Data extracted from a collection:
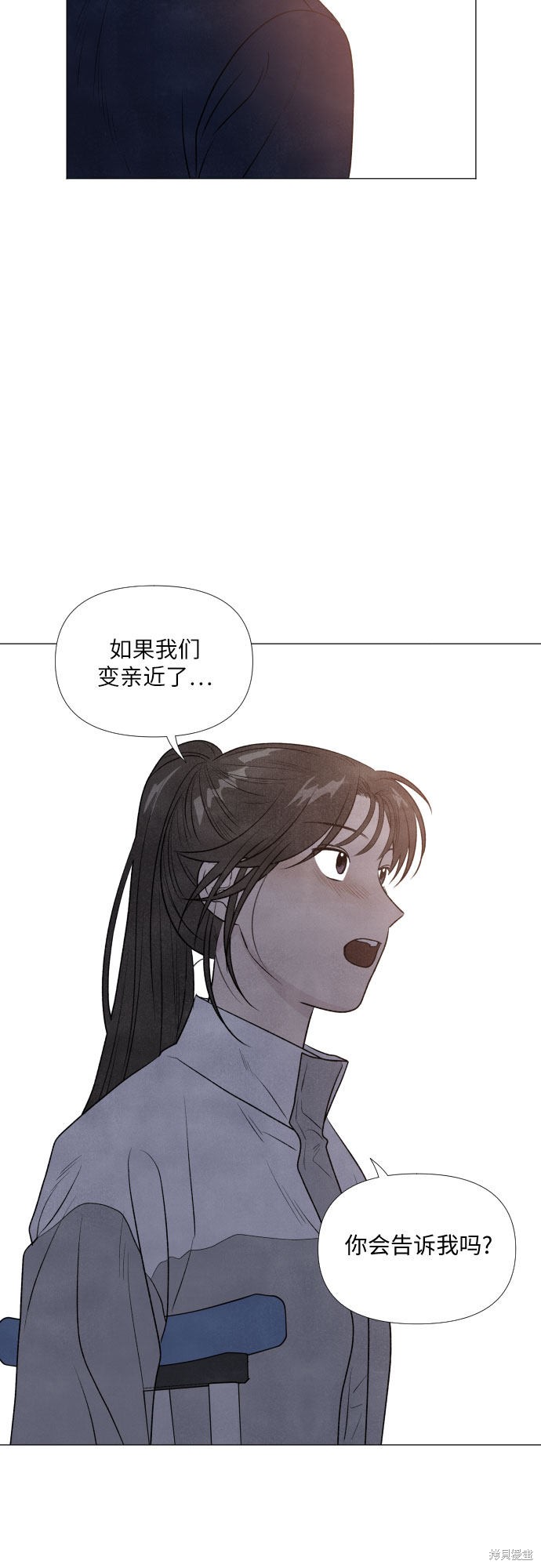 《我为之离开的理由》漫画最新章节第6话免费下拉式在线观看章节第【36】张图片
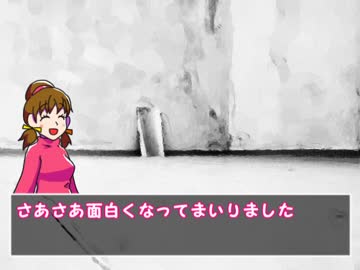 【卓ゲ松さん】六つ子が不思議な塔を昇るPart8前編【CoC】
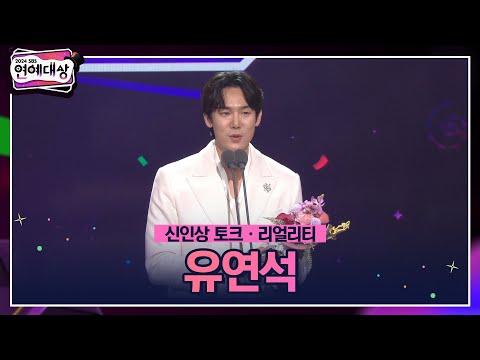 🏆2024 SBS 연예대상 [신인상 토크ㆍ리얼리티] 유연석🏆 ＂유재석 형님한테 진심으로 감사하다는 말씀...＂ #2024SBS연예대상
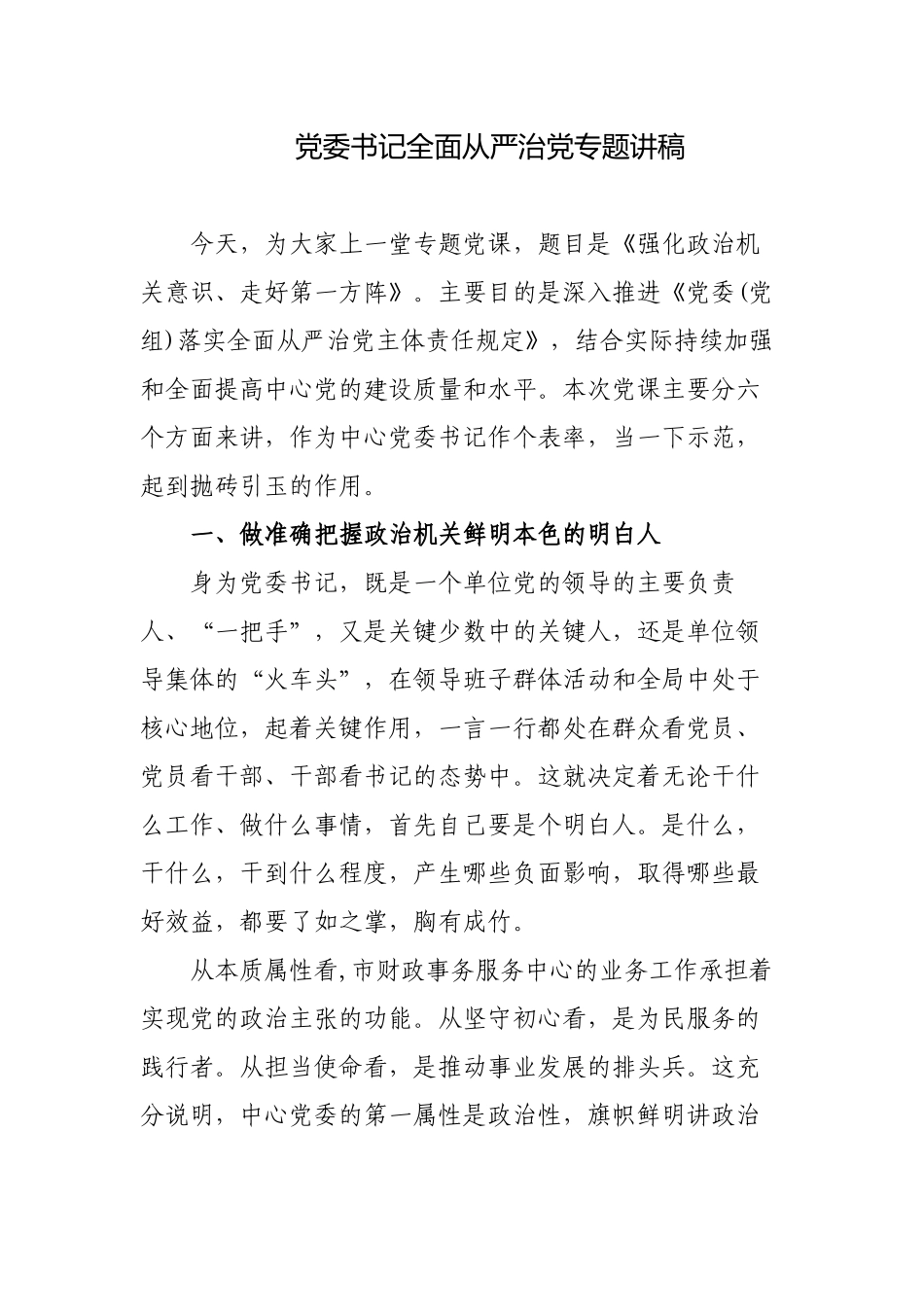3篇2023年部门机关党委书记全面从严治党专题三会一课讲稿宣讲报告.docx_第1页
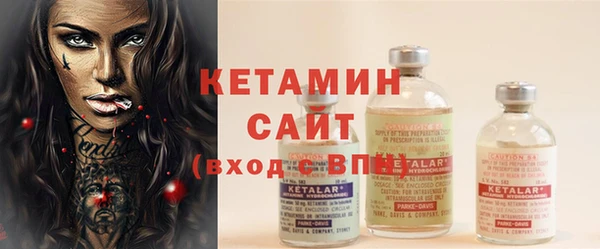круглые Баксан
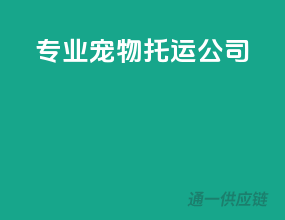 专业宠物托运公司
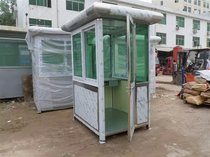 Security Booth Stainless Steel Gangbooth stand guard Kong Pavilion Security Kong Pavilion Kong Pavilion Public Security Kong Pavilion Fees Glass Kong Pavilion
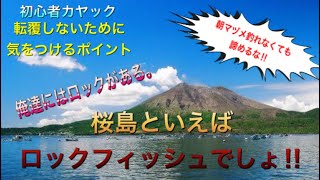 桜島といえば、ロックでしょ‼︎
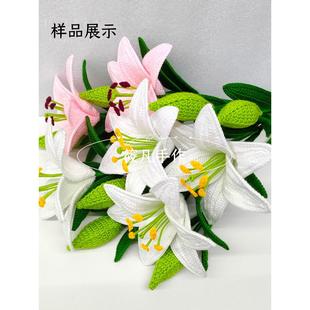 钩针羊毛花桌面插花礼品花束人造花人造花白百合花DIY材料包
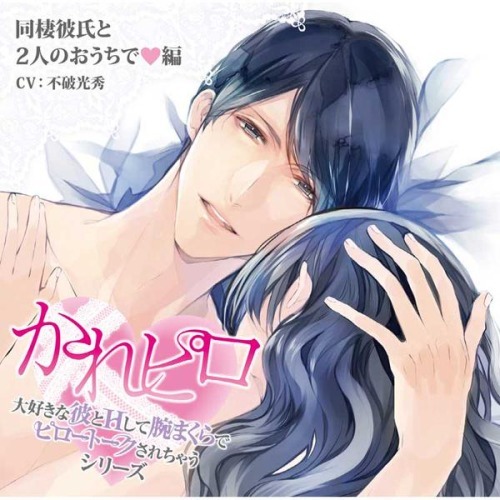 Keep Calm Read Manga 大好きな彼とhして腕まくらでピロートークされちゃうシリーズ 第6弾 同棲彼氏と2人のおうちで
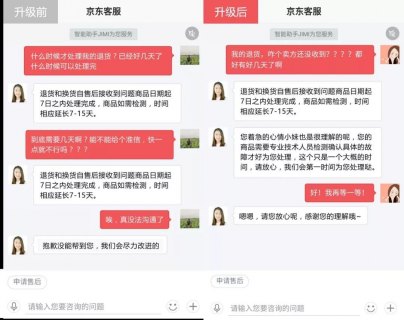 电信人工服务1000还是10001「电信人工服务收费吗」-图1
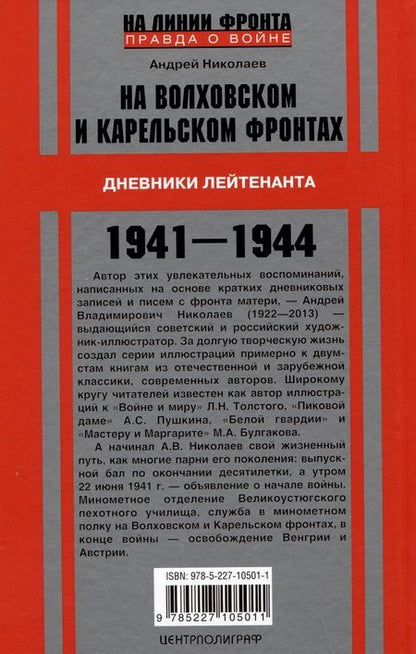 Фотография книги "Николаев: На Волховском и Карельском фронтах. 1941-1944 гг."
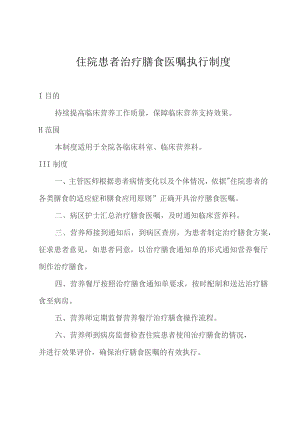 住院患者治疗膳食医嘱执行制度.docx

* **EXERCISE**
Print exactly, and print only, the lines from the line with "电信人工服务1000还是10001「电信人工服务收费吗」-图1" through the last line of the entries, both ends included. No pictures belong in the result.

* **ANSWER TO THIS EXERCISE**
 电信人工服务1000还是10001「电信人工服务收费吗」-图1
 Фотография книги "Николаев: На Волховском и Карельском фронтах. 1941-1944 гг."
 住院患者治疗膳食医嘱执行制度.docx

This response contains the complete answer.